In estimagic, params can by arbitrary pytrees. Examples are (nested) dictionaries of numbers, arrays and pandas objects.

[3]:
def dict_sphere(params):
    return params["a"] ** 2 + params["b"] ** 2 + (params["c"] ** 2).sum()


res = minimize(
    criterion=dict_sphere,
    params={"a": 0, "b": 1, "c": pd.Series([2, 3, 4])},
    algorithm="scipy_powell",
)

res.params
[3]:
{'a': -6.821706323446569e-25,
 'b': 2.220446049250313e-16,
 'c': 0    8.881784e-16
 1    8.881784e-16
 2    1.776357e-15
 dtype: float64}

The result contains all you need to know#

[4]:
res = minimize(
    criterion=dict_sphere,
    params={"a": 0, "b": 1, "c": pd.Series([2, 3, 4])},
    algorithm="scipy_neldermead",
)
res
[4]:
Minimize with 5 free parameters terminated successfully after 805 criterion evaluations and 507 iterations.

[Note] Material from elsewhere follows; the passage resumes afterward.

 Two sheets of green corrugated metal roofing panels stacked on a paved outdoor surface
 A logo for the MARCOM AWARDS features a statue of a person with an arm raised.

The value of criterion improved from 30.0 to 1.6760003634613059e-16.

The scipy_neldermead algorithm reported: Optimization terminated successfully.

Independent of the convergence criteria used by scipy_neldermead, the strength of convergence can be assessed by the following criteria:

                             one_step     five_steps
relative_criterion_change  1.968e-15***  2.746e-15***
relative_params_change     9.834e-08*    1.525e-07*
absolute_criterion_change  1.968e-16***  2.746e-16***
absolute_params_change     9.834e-09**   1.525e-08*

(***: change <= 1e-10, **: change <= 1e-8, *: change <= 1e-5. Change refers to a change between accepted steps. The first column only considers the last step. The second column considers the last five steps.)

You can visualize the convergence#

[5]:
from estimagic import criterion_plot, params_plot

fig = criterion_plot(res, max_evaluations=300)
fig.show(renderer="png")
../_images/getting_started_first_optimization_with_estimagic_9_0.png
[6]:
fig = params_plot(
    res,
    max_evaluations=300,
    # optionally select a subset of parameters to plot
    selector=lambda params: params["c"],
)
fig.show(renderer="png")
../_images/getting_started_first_optimization_with_estimagic_10_0.png

There are many optimizers#

If you install some optional dependencies, you can choose from a large (and growing) set of optimization algorithms – all with the same interface!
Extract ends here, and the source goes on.